+++ Material provided
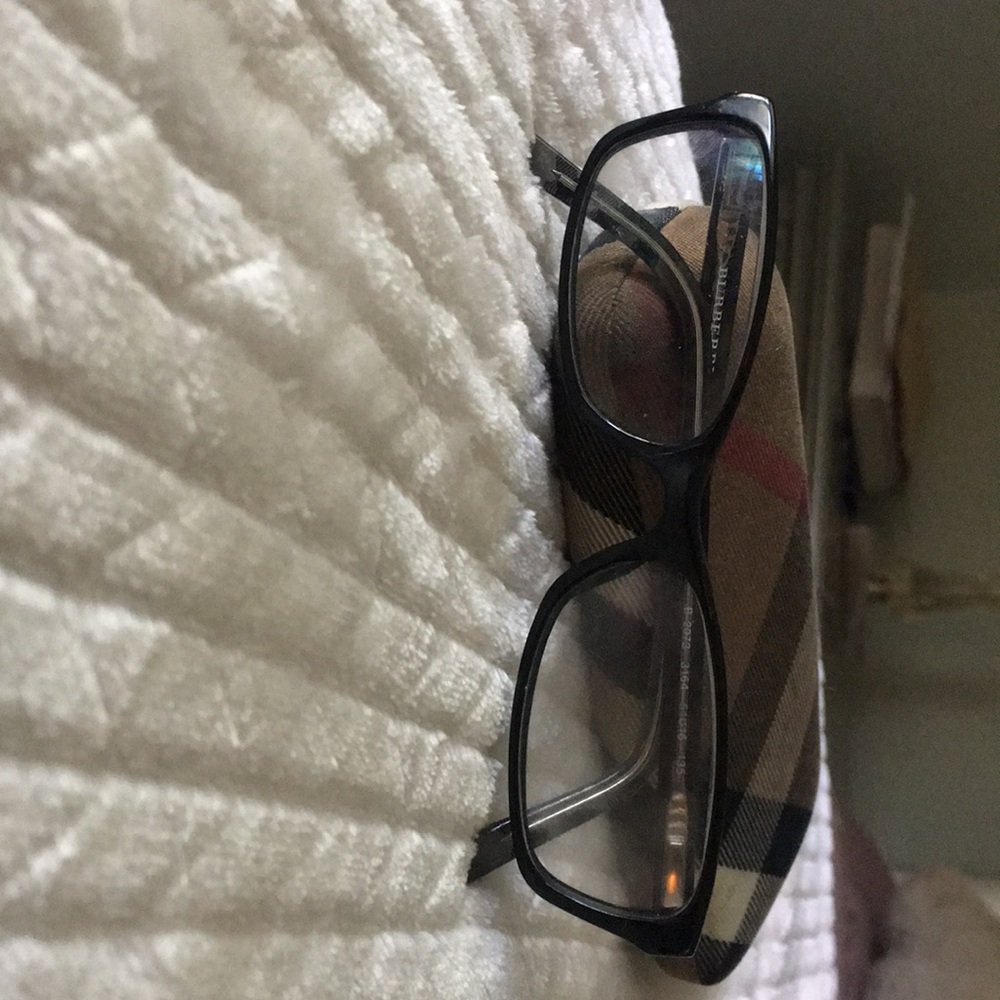 Burberry glasses. Comes with case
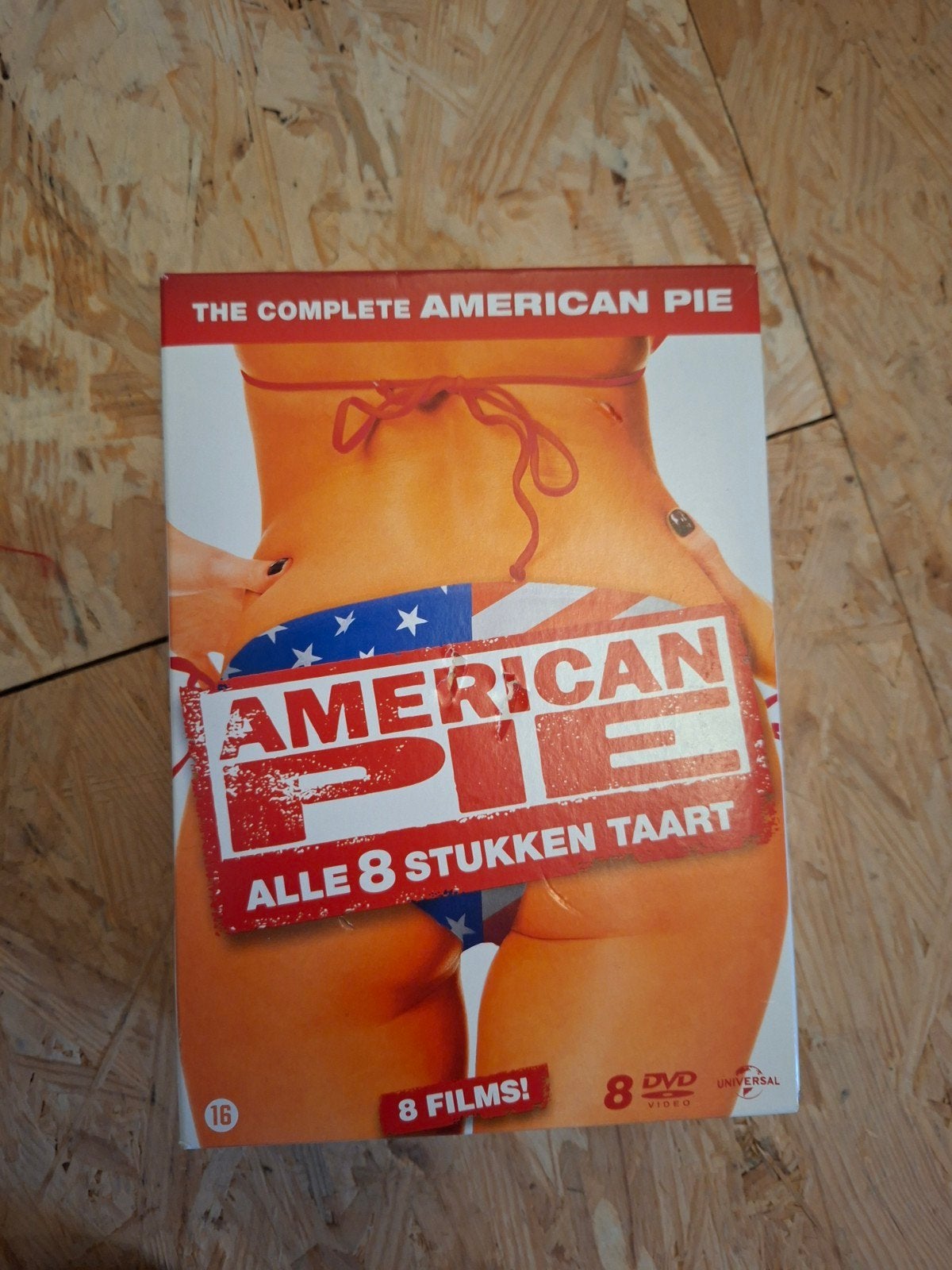 Amerikanen Pie verzamelbox, Cd's en Dvd's, Vanaf 16 jaar, Ophalen of Verzenden, Zo goed als nieuw, Speelfilm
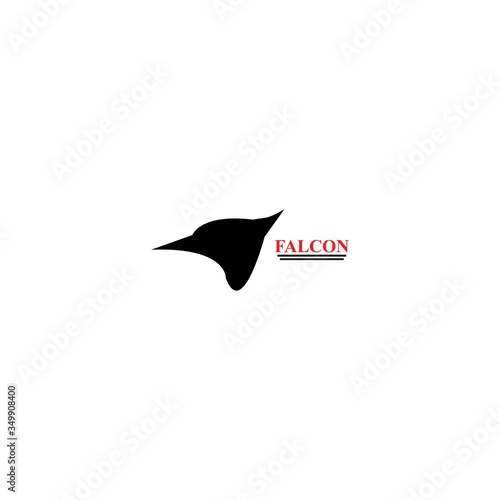 Falcon Wing Logo Template vector icon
++++++
Find the line with "Amerikanen Pie verzamelbox, Cd's" in the listing above, then write it out along with every later line through the last one, exactly, omitting pictures.

 Amerikanen Pie verzamelbox, Cd's en Dvd's, Vanaf 16 jaar, Ophalen of Verzenden, Zo goed als nieuw, Speelfilm
 Falcon Wing Logo Template vector icon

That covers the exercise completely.